__Task goal__: Write out the lines below once more, exactly as they appear. Do not include pictures.

__The data__:
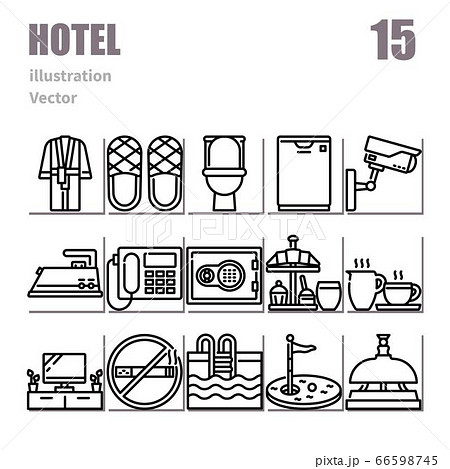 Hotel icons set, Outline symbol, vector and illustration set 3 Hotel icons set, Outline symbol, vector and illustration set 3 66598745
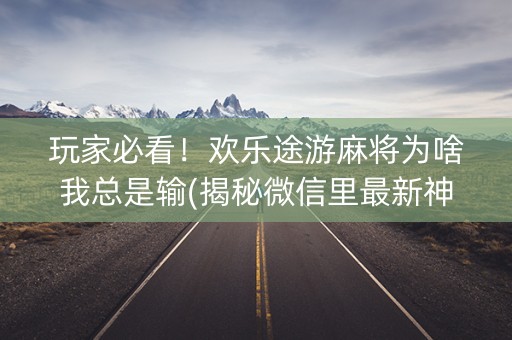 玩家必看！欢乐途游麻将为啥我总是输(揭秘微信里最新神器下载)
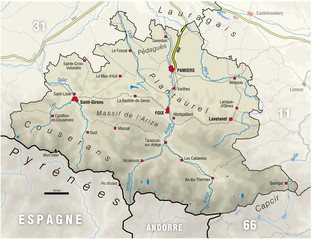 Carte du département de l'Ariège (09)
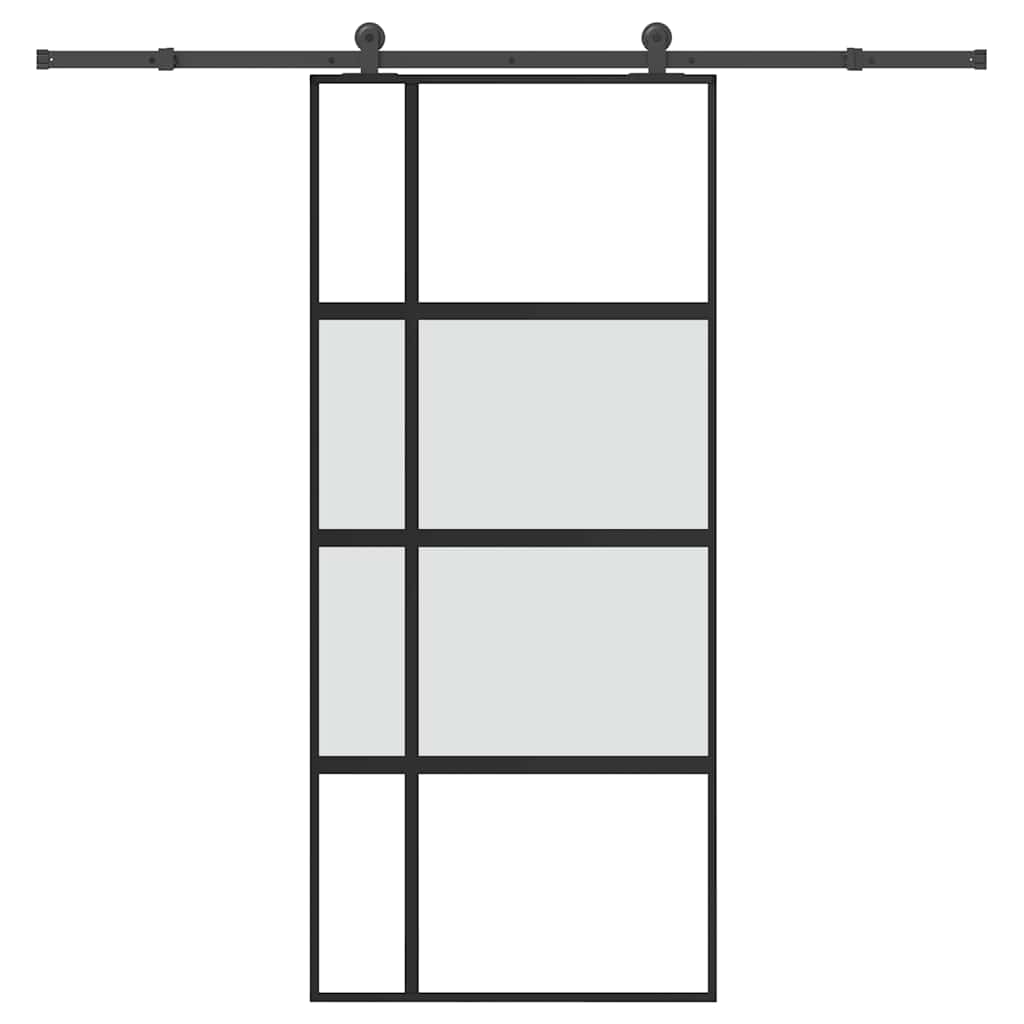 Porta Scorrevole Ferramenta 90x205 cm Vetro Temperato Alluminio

__Answer section__:
 Hotel icons set, Outline symbol, vector and illustration set 3 Hotel icons set, Outline symbol, vector and illustration set 3 66598745
 玩家必看！欢乐途游麻将为啥我总是输(揭秘微信里最新神器下载)
 Carte du département de l'Ariège (09)
 Porta Scorrevole Ferramenta 90x205 cm Vetro Temperato Alluminio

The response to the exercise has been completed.